Roméo et Juliette (extraits)
Musique: Serge Prokofiev/Carlos Dominguez-Nieto
Stéphanie Madec-Van Hoorde (Juliette), Hamilton Nieh (Roméo), Jean-Philippe Rivière (Mercutio), Miao Zong (Tybalt), Marwik Schmitt (Paris), Alain Trividic (Monsieur Capulet), Erika Bouvard (Madame Capulet), Anna Ishii (Mab), Wendy Tadrous (La nourrice), Dane Holland (Frère Laurent), Boyd Lau (Le Capitaine)
Bertrand d’At (chorégraphie), Mark Pace (mise en répétition), Carlos Dominiguez-Nieto (arrangement musical), Rudy Sabounghi (décors et costumes)
Orchestre symphonique de Mulhouse, Myron Romanul/Wolfgang Heinz* (direction)

Après une ouverture de saison sous le signe de Stephan Thoss, le Ballet de l’Opéra national du Rhin propose un programme sous celui de Shakespeare, combinant deux créations avec un hommage à Bertrand d’At, en donnant une version condensée de Roméo et Juliette.


Dans Ophelia, madness and death, Douglas Lee met en pas une des séquences les plus fortes d’Hamlet, la mort d’Ophélie, qui a connu une riche postérité artistique – on songe entre autres à l’iconographie qu’elle a suscitée. Privilégiant une sobriété d’anthracite, aux accents intemporels, la lecture du chorégraphe britannique suspend l’intensité dramatique au profit d’une poétique éthérée, aux confins de l’hallucination, soutenue par une bande musicale alternant accent baroque italien et introspection de la viole de Purcell compilée par Jean Gay. Se détachant de la simplicité des costumes, une figure à la robe tressée de lianes et de fleurs rappelant Millais, au geste rare, sinon hiératique, condense le destin de la jeune fille, métonymie où se rejoignent les commentaires des autres solistes, doubles et personnages résumant son histoire jusqu’à son issue fatale. Les dix danseurs affirment une homogénéité au diapason d’une narrativité à l’apparence abstraite, où la retenue du pathos participe de l’émotion singulière qu’elle dégage.


Cet investissement de la technique exempt de narcissisme se retrouve dans Fatal, sur une adaptation de l’orchestration de Mahler pour cordes du Quatorzième Quatuor «La Jeune Fille et la mort» de Schubert. A rebours de la sombre lumière de l’opus précédent, Rui Lopes Graça joue la carte des pastels. Si la partition romantique, confiée aux musiciens de l’Orchestre symphonique de Mulhouse, répond à la véhémence inspiratrice de Macbeth, la fluidité et la souplesse de l’écriture chorégraphique ne recherche aucune redondance tragique.

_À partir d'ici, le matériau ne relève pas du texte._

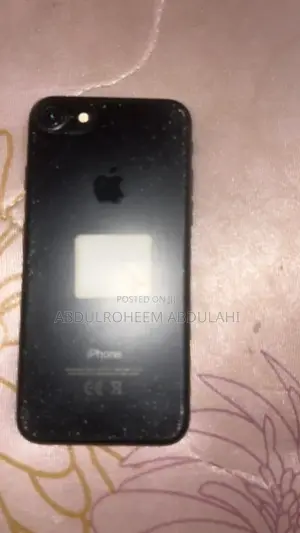 Apple iPhone 7 32 GB Black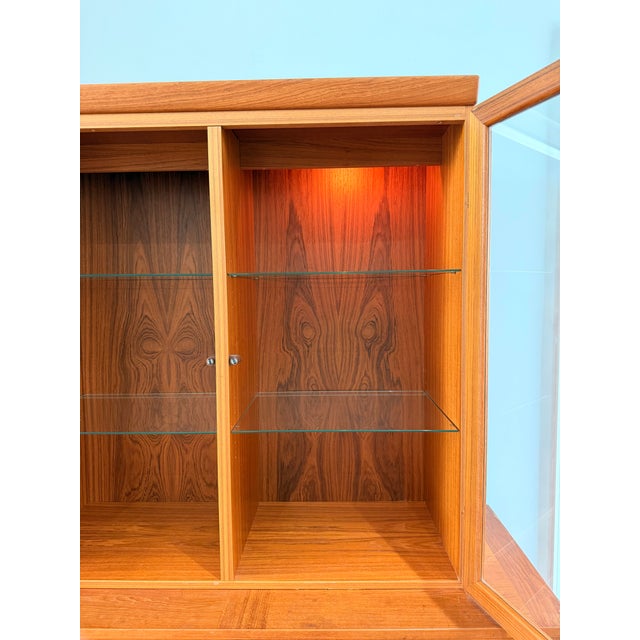 1970s Skovby Danish Modern Illuminated Teak Display & Bar Cabinet / Sideboard by Skovby Møbelfabrik For Sale - Image 11 of 18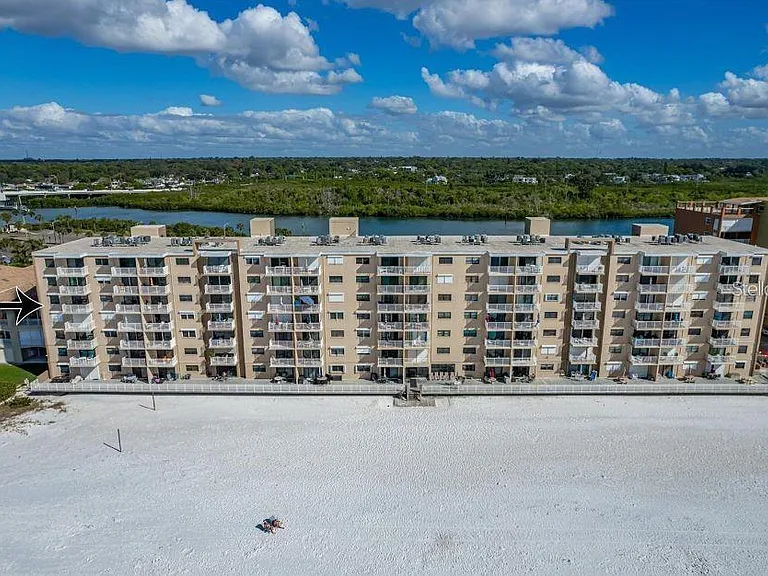 18650 Gulf Blvd #305 — Photo 69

Avec un vocabulaire adverse à Douglas Lee, le présent opus développe une semblable rêverie sur l’irréel, que la virtuosité et l’élégance des interprètes portent remarquablement.


En seconde partie, la réduction du Roméo et Juliette de Bertrand d’At rappelle l’aura d’une figure essentielle du Ballet du Rhin, dont il fut directeur pendant dix-sept ans, avec l’une de ses créations les plus emblématiques. L’exercice ne manque pas de risque, et la mise en répétition par Mark Pace, comme l’arrangement de la pièce de Prokofiev par Carlos Dominguez-Nieto s’attachent à fondre les coutures dans le discours. L’Orchestre symphonique de Mulhouse, sous la baguette de Wolfgang Heinz, s’adapte sensiblement à ces contraintes. Le drame de Shakespeare s’évade de la Vérone originelle pour la Russie contemporaine du compositeur. Les uniformes traduisent cette coloration slave à vagues consonances soviétiques, et la danse ne cherche pas à la démentir. Dans une distribution convoquant même des solistes presque retirés, on signalera la vigueur du capitaine de Boyd Lau ou le caractère bien trempé de Miao Zong en Tybalt. Jean-Philippe Rivière ne pâlit point en Mercutio, quand Dane Holland impose un Frère Laurent à la stature haute mais non autoritaire. Quant au couple des amants, l’abandon de la Juliette de Stéphanie Madec-Van Hoorde aux bras du Roméo empreint de sentiment campé par Hamilton Nieh réserve un duo d’amour émouvant d’onirisme. Même élaguée, la puissance presque cinématographique du Roméo et Juliette de Bertrand d’At demeure intacte.